The choice of how you make your character is generally up to you.  Whether you invision a character first and pick his stats or pick his stats then invision your character is up to you.  The same process happens with crpg development.  You can make the characters first or the stories first and fit the other to your decision.  Both have benefits and both have flaws.  Neither is wrong.  I prefer to pick my stats first, so I have a frame of mind for my character, instead of basing him upon a cliche.  However, a frequently occuring problem with trait lists is that some choices are very dominating.  I've never seen a warrior skip weapon focus and I've never seen a warrior pick the stealthy feat (although I'm sure someone has).  There really isn't enough variety in what has been offered.

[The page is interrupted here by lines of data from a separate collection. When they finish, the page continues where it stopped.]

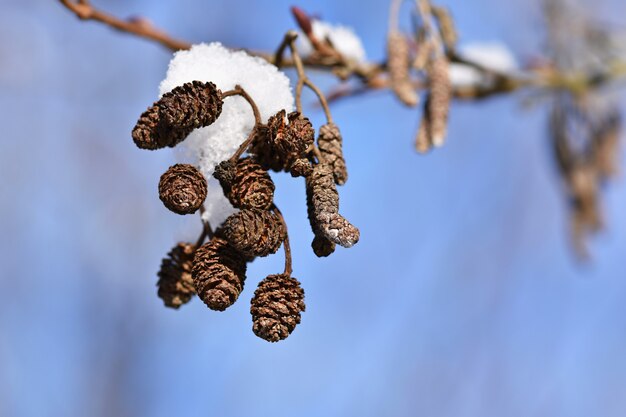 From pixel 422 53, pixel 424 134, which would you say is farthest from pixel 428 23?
pixel 424 134

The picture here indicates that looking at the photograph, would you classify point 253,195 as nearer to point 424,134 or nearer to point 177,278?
point 177,278

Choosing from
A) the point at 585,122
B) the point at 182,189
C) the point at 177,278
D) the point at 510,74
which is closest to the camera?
the point at 182,189

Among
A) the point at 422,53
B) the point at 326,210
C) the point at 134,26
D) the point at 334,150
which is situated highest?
the point at 422,53

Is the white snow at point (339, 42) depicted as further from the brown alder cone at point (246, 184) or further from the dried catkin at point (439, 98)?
the brown alder cone at point (246, 184)

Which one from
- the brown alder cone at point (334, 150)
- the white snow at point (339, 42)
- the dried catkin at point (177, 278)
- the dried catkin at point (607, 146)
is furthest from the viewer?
the dried catkin at point (607, 146)

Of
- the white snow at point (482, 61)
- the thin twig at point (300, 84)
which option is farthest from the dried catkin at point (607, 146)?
the thin twig at point (300, 84) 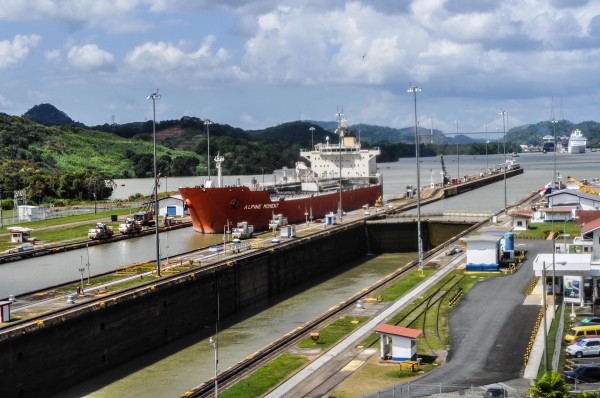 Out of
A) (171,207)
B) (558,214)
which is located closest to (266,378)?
(558,214)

I think what creates complexity is anything you can't easily remember.  It is, however, hard to tag in general.  I couldn't follow the storyline of FFT because of the names and obscure references.  I'd deem it complex.  If the game came with a sheet that had all nations/states with their starting relationships and names of important people in them... I wouldn't have a problem.  That's exactly what a character sheet does (as others have stated).  However, this is amplified by the structure and format of the sheet.  Spacing and placement are almost as important as content.

It seems a lot of you answered the "why" and not "what".